[Task prompt]:
Exactly the lines below from the one with "Peanuts Snoopy Coin Set" up to and including the one with "2025 Hyundai Elantra Limited 4DR Sedan" make up the answer, with nothing else added.

[Provided entries]:
[Start of section]

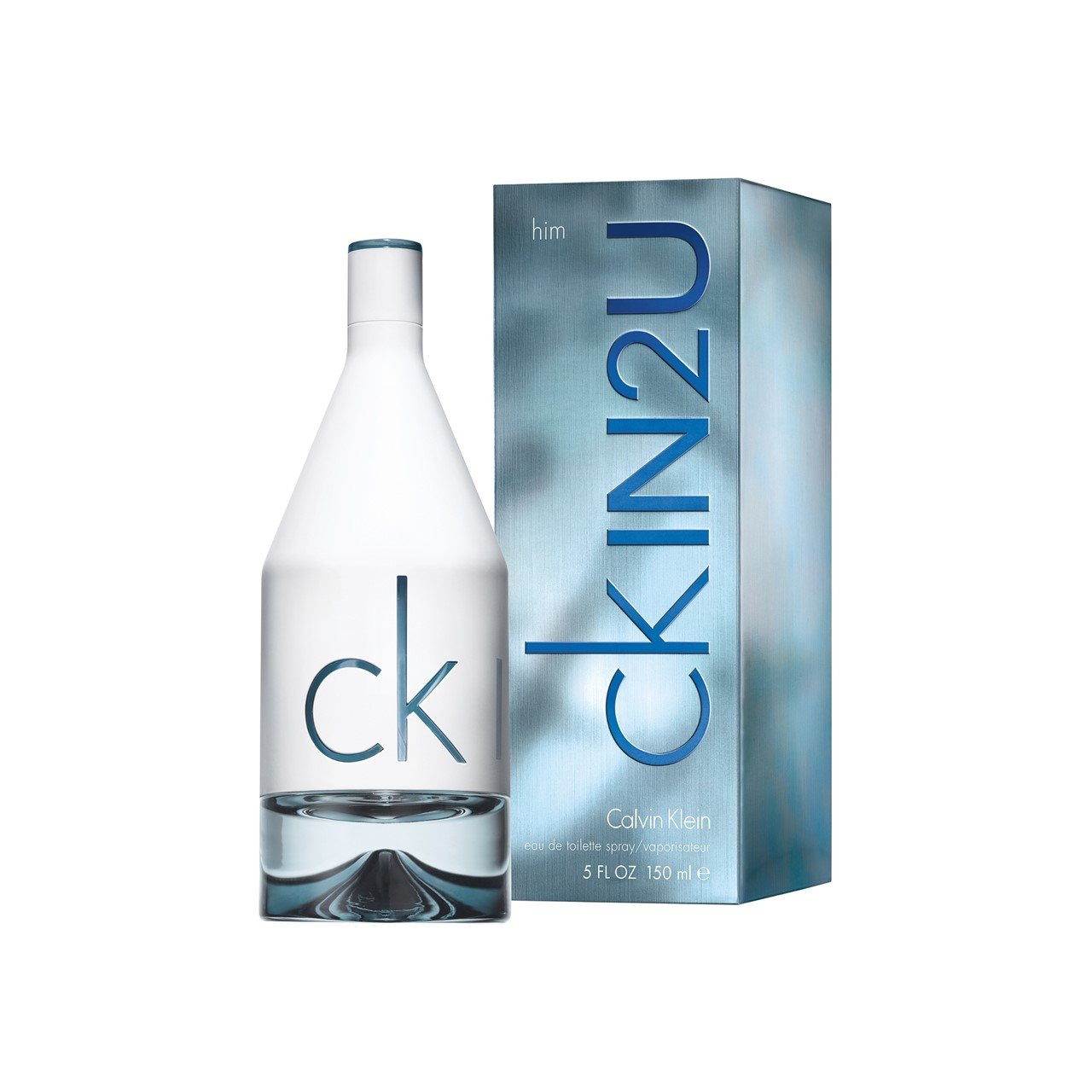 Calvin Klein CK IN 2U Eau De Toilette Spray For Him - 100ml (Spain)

[End of section]
[Start of section]

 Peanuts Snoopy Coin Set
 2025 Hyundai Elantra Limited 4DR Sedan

[End of section]

[Answer]:
 Peanuts Snoopy Coin Set
 2025 Hyundai Elantra Limited 4DR Sedan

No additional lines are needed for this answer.